Open Weights Are Not Open Source

A lot of AI marketing lives in the gap between what the public hears when a company says “we trained our own model” and what the company actually did.

Most people hear that and picture a homegrown LLM (original architecture, original training run, original dataset, etc). But in practice, a lot of “our model” announcements mean something narrower. More often than not, it means the company started with someone else’s open-weight model, tuned it, wrapped it in a product, and gave the result a new name.

Don’t get me wrong, that is still real work. Tedious, hard work, actually. The tuning, data, serving, product wrapper, and UX can be the whole reason the thing is useful. But it does mean “our model” often means “our version of someone else’s base model.”

Take Cursor’s Composer 2 as a recent example. It launched like a native Cursor model, but people quickly connected it to Moonshot AI’s Kimi K2.5. Cursor later said it started from an open-source base. Moonshot described Kimi K2.5 as the foundation under an authorized commercial path via Fireworks (DataStudios, Tom Tunguz).

The point is not that Cursor did no real work. The point is that the base model matters, and users should not have to reverse-engineer it from internal IDs.

What a model is actually made of

To understand the whether a model is open source or open weights, you have to ask what was actually released. An LLM is not just “the model.” There are the weights, which are the billions of learned numbers people download and run. There is the architecture and inference code that make those weights usable. Then there is everything behind the training run: the training code, the dataset the model learned from, and the recipe of data mixtures, filtering, hyperparameters, and fine-tuning steps.

When a model is open weights, you usually get the trained model and enough code to run it. When it is genuinely open source, you get the build process too.

Open weights

With an open weights release, you can download the model, run it locally, fine-tune it, and often use it commercially without depending on the provider’s servers.

That is real value. Open-weight models are a huge reason more people can experiment with capable AI without waiting on API access or paying per token.

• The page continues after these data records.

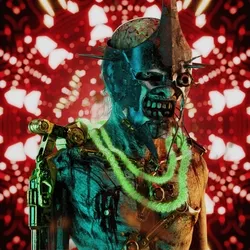 dead apez #268
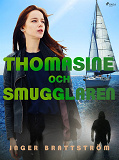 Omslagsbild för Thomasine och smugglaren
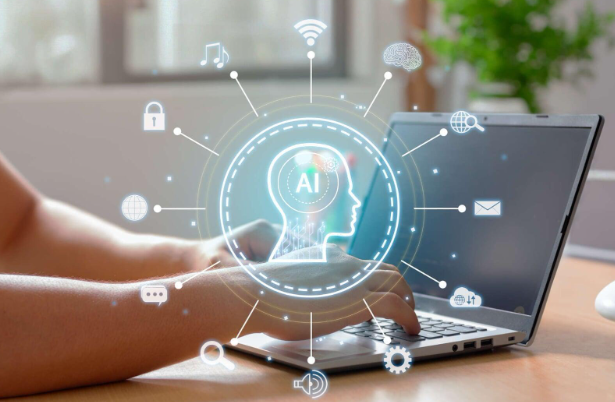 The Role of AI in Streamlining IT Operations for Local Businesses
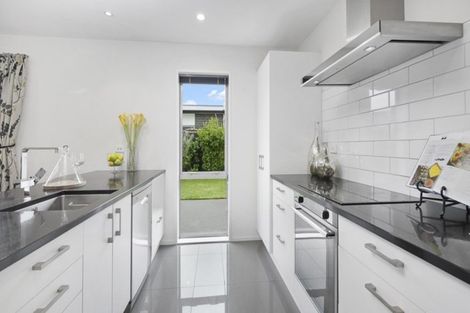 Photo of property in 18 Greenstone Street, Rolleston, 7614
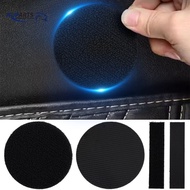 Portable Double-sided Self Adhesive Car Foot Mat Fixing Sticker Automobile Seat Cushion Non-slip Tape Vehicle Carpet Invisible Fastener Paste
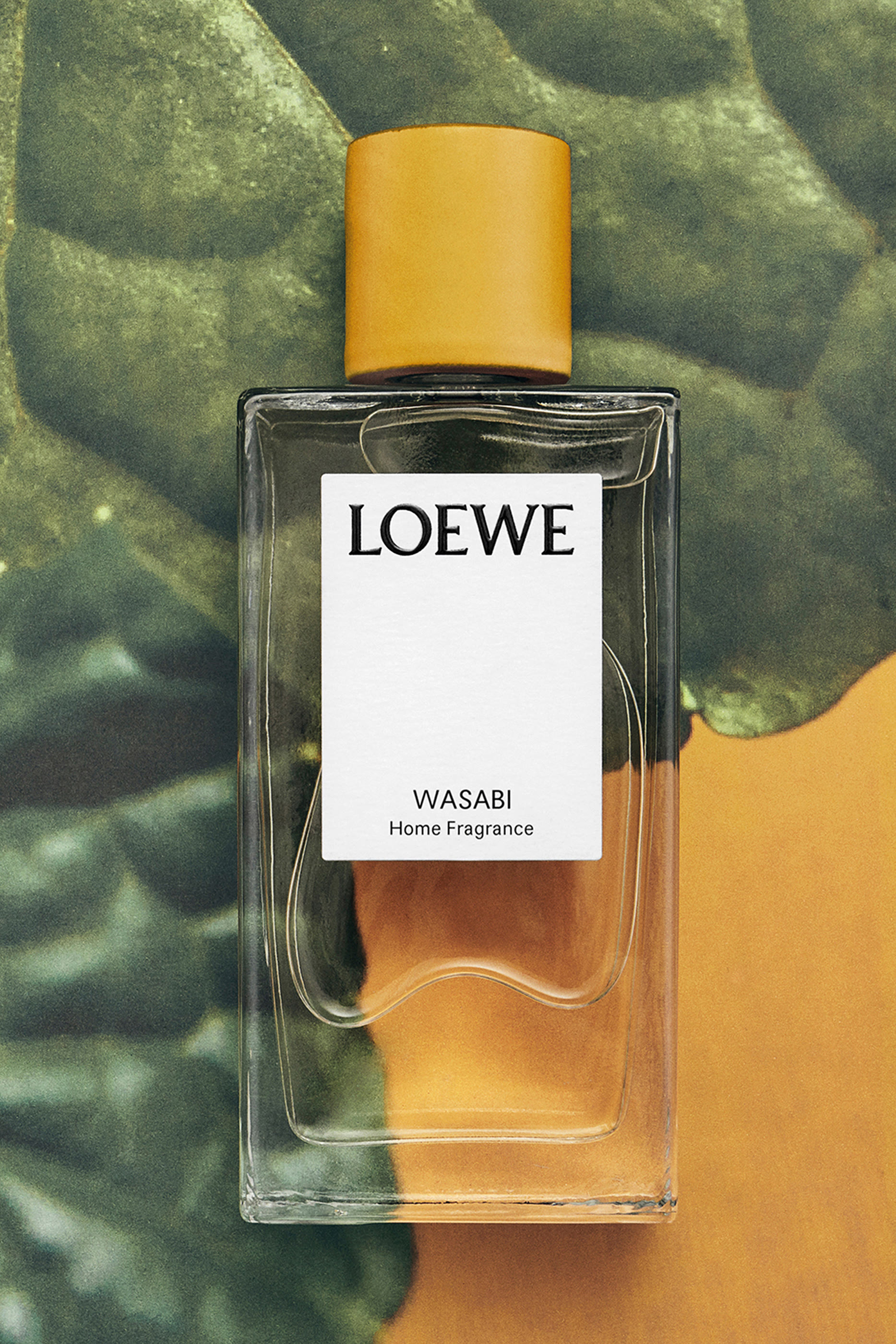 Wasabi Home Fragrance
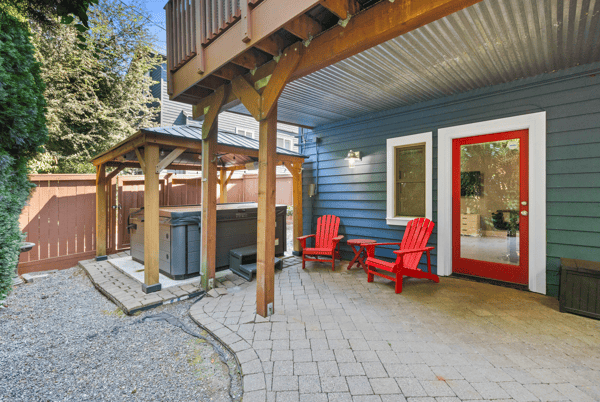 2858 NW 90th Place, Seattle, WA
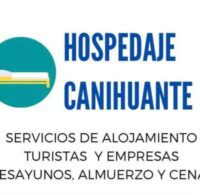 Hospedaje Canihuante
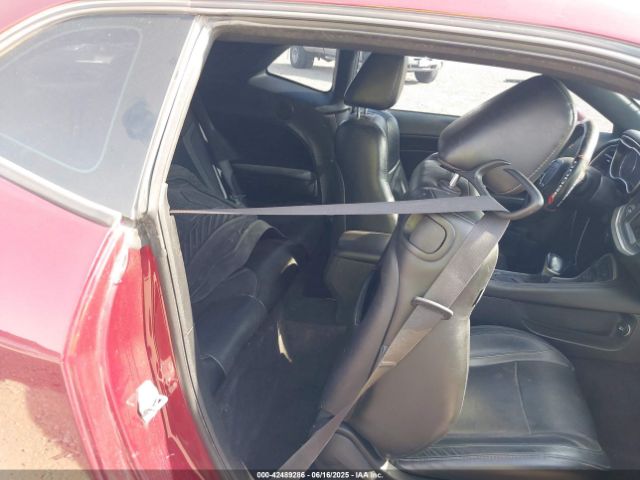 2C3CDZAG5JH259375 Dodge 2018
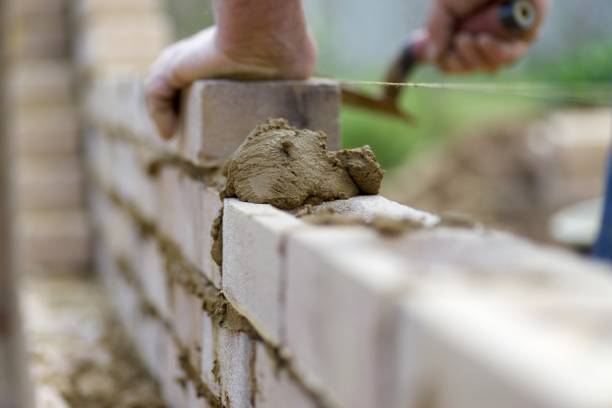 Best Poured Concrete Foundation  in Ramblewood, NJ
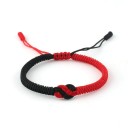 Bracciale di corda H385 1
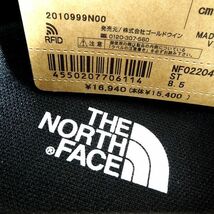 THE NORTH FACE ノースフェイス 定価1.6万 VECTIVシステム搭載 スニーカー トレイルランニングシューズ NF02204 ST 26.5 ▲030▼bus9484a_画像6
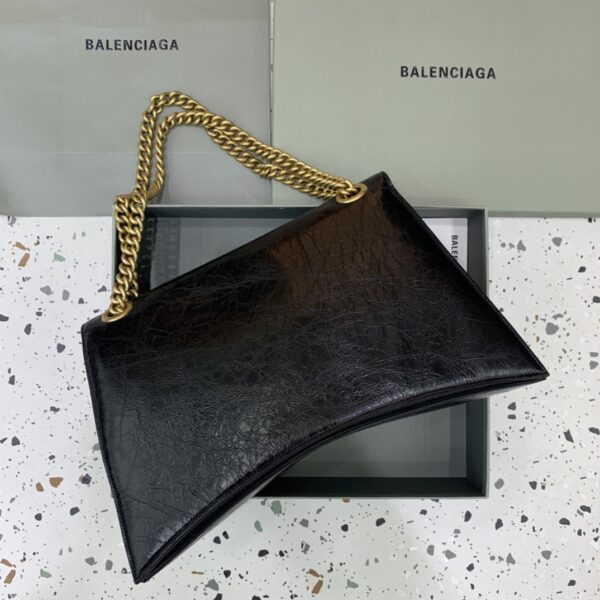 Balenciaga crush large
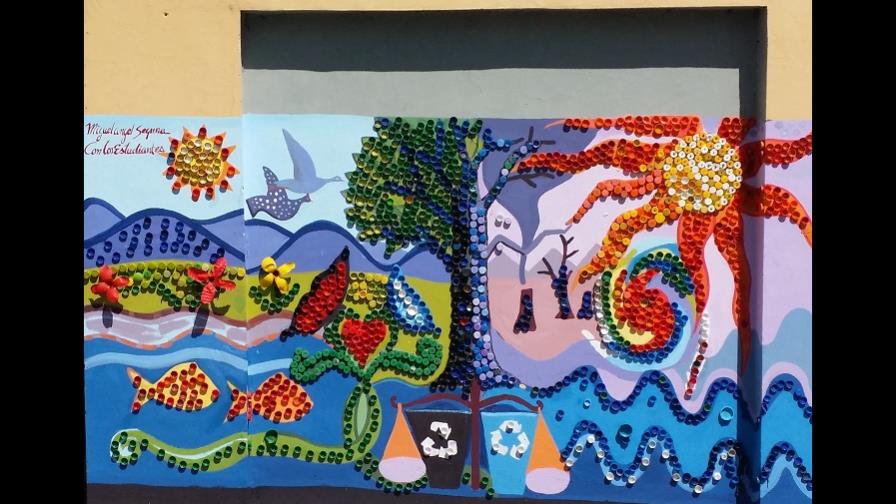 Cervecería Nacional premia el reciclaje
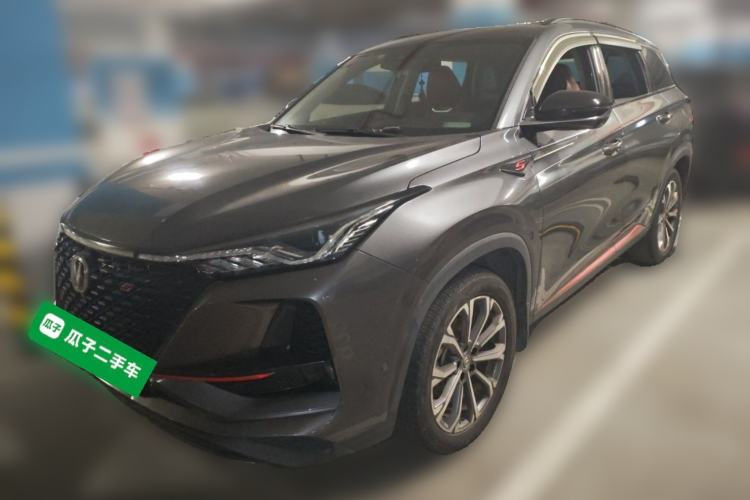 Used CHANGAN CS75 PLUS 2020 2.0T Automatic Flagship Edition Guazi used car, China used car export, Used car for sale, Used  cars, Cheapest cars for sale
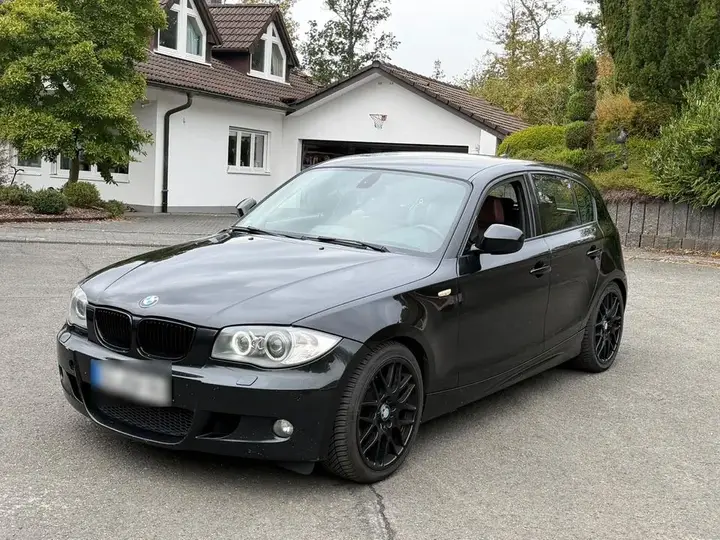 BMW 1Er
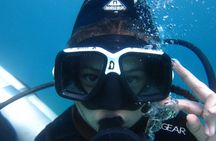 Scuba Diver Course (PADI)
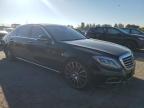 MERCEDES-BENZ S 550 4MAT photo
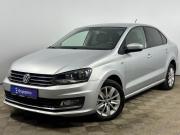 Volkswagen Polo V Рестайлинг Борисоглебск  - изображение 17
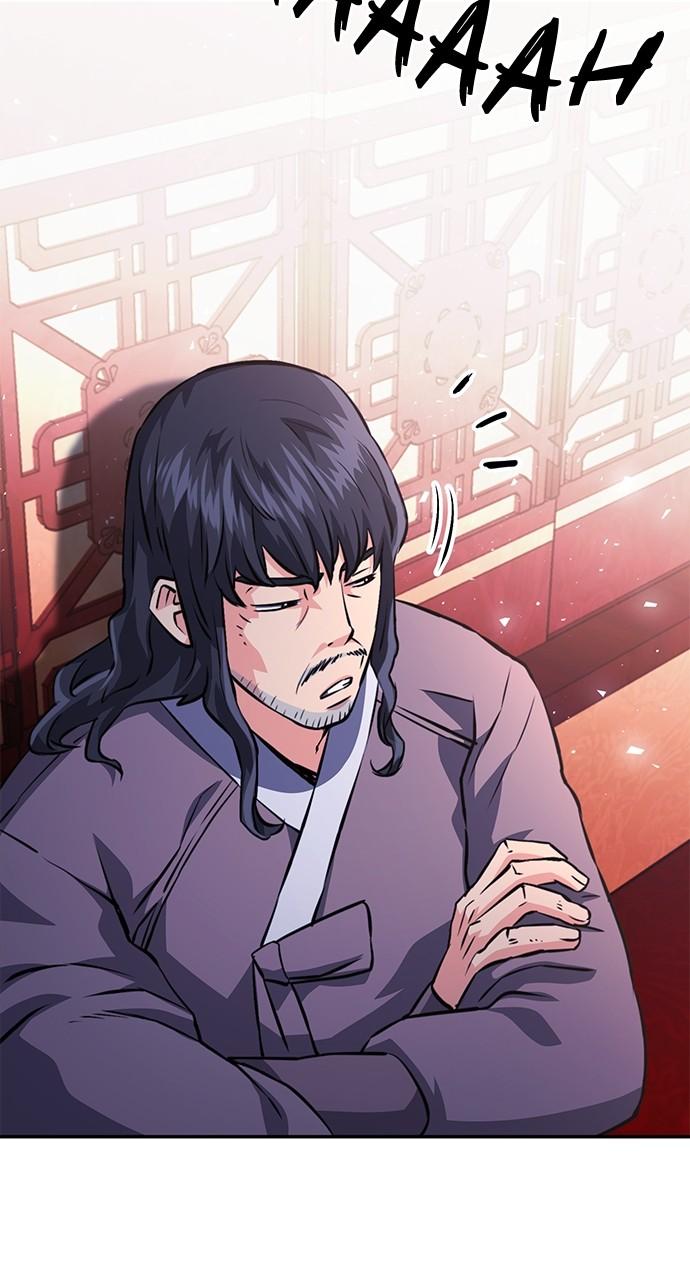 The Druid of Seoul Station Chapter 118 - Page 76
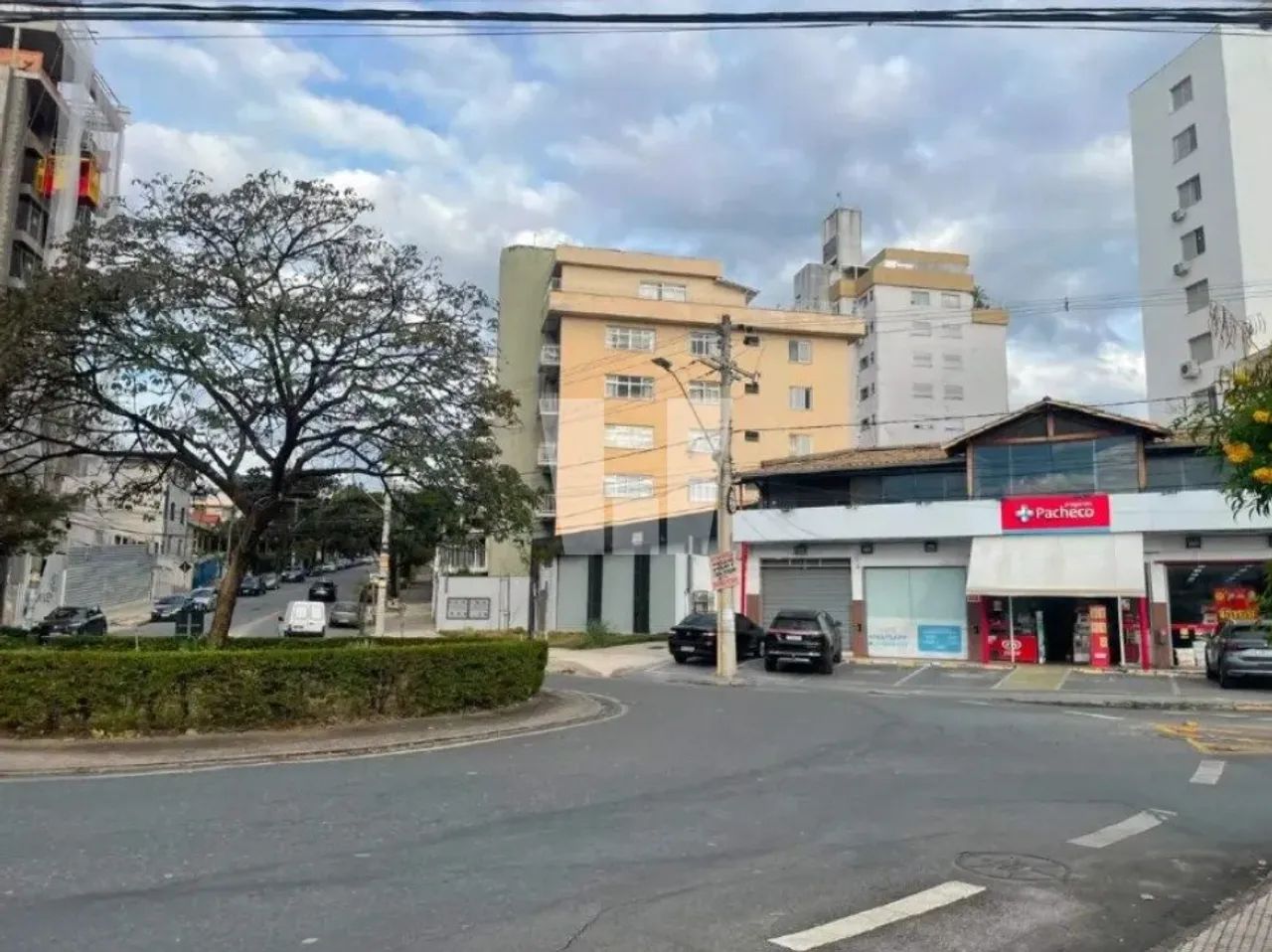 Loja no bairro Cidade Nova - Foto 2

But you usually do not get the training data, the full training code, or the recipe. So you can use the model, but you cannot fully reproduce it or audit what it learned from. It is a black box you happen to own.

Open source

Open source means getting what you need to understand, modify, and rebuild the thing from scratch.

Applied to an LLM, that means weights plus training code, the data or a complete description of it, and the recipe, under a genuinely open license like Apache 2.0 or MIT, with no use restrictions.

That is what lets an outsider reproduce the model and audit what went into it. Models that actually aim for this are rarer. AllenAI’s OLMo and EleutherAI’s Pythia are the usual examples.

Basically, open weights is a finished cake you can eat and decorate, while open source is the cake plus the full recipe and every ingredient.

Why the distinction matters

Teams make architecture, vendor, and risk decisions based on these labels. If “open source” really means “downloadable weights with restrictions,” that changes what you can audit, reproduce, deploy, and defend.

If the data and recipe are closed, you cannot really check what the model was trained on. That matters for bias, contamination, and copyright. The weights alone tell you nothing about provenance.

The license matters too. Open weight models often come with acceptable-use policies or scale caps, like Llama’s limit on the largest platforms. True open-source licenses do not restrict who uses the model or how.

Finally, there is also the basic honesty problem. The Open Source Initiative published its Open Source AI Definition in late 2024 because so many open-weight models were being marketed as open source.

That being said, none of this means open weight models are bad. They are useful, and they have done a lot to democratize access to alternative LLMs outside the closed source models from the big labs.

But if all you released was the weights, say open weights and own it. If your “own model” started from someone else’s base, say that too. The work can still be valuable. It just should not require users to reverse engineer what was actually built.